なお、被検眼の特定部位に対応するポラライザ33の最適位置は、記憶部に記憶され、経過観察(フォローアップ)に用いられてもよい。つまり、制御部70は、特定部位に対応するポラライザ33の位置情報を記憶部から呼び出し、次回の撮影時に再現してもよい。この場合、各特定部位に応じてポラライザ33の位置情報が記憶されてもよい。
フォローアップ撮影の場合、制御部70は、上記位置情報を基準にして、一定範囲内(例えば、±10度)を探索することによって、時間経過による変動に対応してもよい。
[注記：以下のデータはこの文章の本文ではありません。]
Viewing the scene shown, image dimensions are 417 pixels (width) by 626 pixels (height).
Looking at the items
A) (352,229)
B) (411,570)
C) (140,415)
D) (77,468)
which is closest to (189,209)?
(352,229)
なお、異なる装置間でフォローアップが行われてもよく、この場合、過去の最適位置に対し、ポラライザ33を駆動させる際の個々の装置固有の偏光特性変化が考慮された位置にポラライザ33が配置されてもよい。また、年齢や水晶体の混濁度等に基づいて、過去のポラライザの位置からのシフト量を推測し、フォローアップにおけるポラライザ33の位置を求めてもよい。
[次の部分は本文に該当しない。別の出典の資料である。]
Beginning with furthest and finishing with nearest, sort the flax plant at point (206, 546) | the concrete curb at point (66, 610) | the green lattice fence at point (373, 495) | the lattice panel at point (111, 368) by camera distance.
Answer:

また、例えば、制御部70は、被検眼の特定部位に対応する最適位置にポラライザ33が配置された状態において、装置のキャリブレーション処理を行うようにしてもよい。例えば、制御部70は、特定部位での評価値Cがピークを示すように、ソフトウェアによる分散補正処理を行うようにしてもよい。これによって、特定部位に関してさらに良好なOCT画像が得られる。
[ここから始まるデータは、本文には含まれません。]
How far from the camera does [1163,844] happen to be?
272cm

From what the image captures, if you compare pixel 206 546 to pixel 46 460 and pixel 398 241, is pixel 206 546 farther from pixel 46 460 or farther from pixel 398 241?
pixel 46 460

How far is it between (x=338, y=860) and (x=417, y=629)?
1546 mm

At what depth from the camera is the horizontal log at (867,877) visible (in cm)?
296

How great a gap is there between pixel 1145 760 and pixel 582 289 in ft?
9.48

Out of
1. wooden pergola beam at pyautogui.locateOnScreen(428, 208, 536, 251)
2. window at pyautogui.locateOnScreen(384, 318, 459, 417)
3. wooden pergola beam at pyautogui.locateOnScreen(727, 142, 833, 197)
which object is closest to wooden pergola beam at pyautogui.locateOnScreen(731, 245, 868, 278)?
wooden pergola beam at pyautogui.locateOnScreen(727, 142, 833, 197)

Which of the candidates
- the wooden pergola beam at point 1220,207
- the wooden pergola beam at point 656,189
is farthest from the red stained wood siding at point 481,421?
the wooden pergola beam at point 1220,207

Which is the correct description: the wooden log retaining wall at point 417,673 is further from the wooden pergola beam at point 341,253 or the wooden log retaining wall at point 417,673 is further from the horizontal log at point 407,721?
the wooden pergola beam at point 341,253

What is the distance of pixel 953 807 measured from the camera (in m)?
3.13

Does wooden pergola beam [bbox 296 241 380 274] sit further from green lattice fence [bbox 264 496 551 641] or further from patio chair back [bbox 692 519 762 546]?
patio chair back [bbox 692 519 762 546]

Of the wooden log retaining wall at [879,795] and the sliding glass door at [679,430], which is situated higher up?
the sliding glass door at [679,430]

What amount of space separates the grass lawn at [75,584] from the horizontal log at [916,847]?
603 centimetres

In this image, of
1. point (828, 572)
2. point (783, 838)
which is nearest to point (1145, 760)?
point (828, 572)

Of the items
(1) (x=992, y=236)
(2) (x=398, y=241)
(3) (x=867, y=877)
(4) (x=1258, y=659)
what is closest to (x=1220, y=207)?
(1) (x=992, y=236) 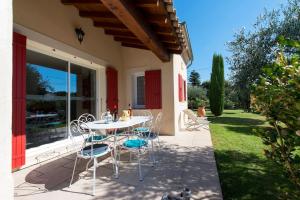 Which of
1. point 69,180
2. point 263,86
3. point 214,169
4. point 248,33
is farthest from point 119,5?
point 248,33

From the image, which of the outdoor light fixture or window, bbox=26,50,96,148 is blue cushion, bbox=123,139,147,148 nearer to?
window, bbox=26,50,96,148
なお、制御部70は、ポラライザ33の駆動前後のOCT画像、ポラライザ33の駆動量に基づいて、被検体の特定部位における偏光特性に関する情報(例えば、複屈折量)を算出してもよい。例えば、制御部70は、ポラライザ33が最適位置(例えば、評価値Cが輝度のピークの位置)に配置された状態を基準としてポラライザ33を駆動させ、特定部位の深さ方向への距離(厚み)とポラライザ33の駆動量から複屈折量を算出してもよい。この場合、ポラライザ33の単位駆動量あたりの偏光特性変化×ポラライザ駆動量=複屈折量×深さ方向への距離としてみなすことができるので、複屈折量は、ポラライザ33の単位駆動量あたりの偏光特性変化×ポラライザ33の駆動量÷深さ方向への距離(厚み)によって求められる。なお、ポラライザ33の単位駆動量あたりの偏光特性変化は、予め実験・シミュレーション等によって求められる。また、ポラライザ駆動量は、例えば、最適位置からの駆動量であってもよい。深さ方向への距離は、例えば、特定部位の厚みを画像処理によって求めることによって取得されてもよい。上記手法によれば、特定部位の偏光特性を簡単に測定できる。上記手法は、例えば、網膜表層(例えば、神経線維層)の複屈折量を測定するために用いることができる。
なお、上記手法に関し、特定部位の複屈折性を予め求めておくことで、特定部位に関するポラライザ33の最適位置が逆算して求められてもよい。この場合、複数の被検体からの平均値が求められてもよいし、過去に取得された被検体の実際の複屈折性が用いられてもよい。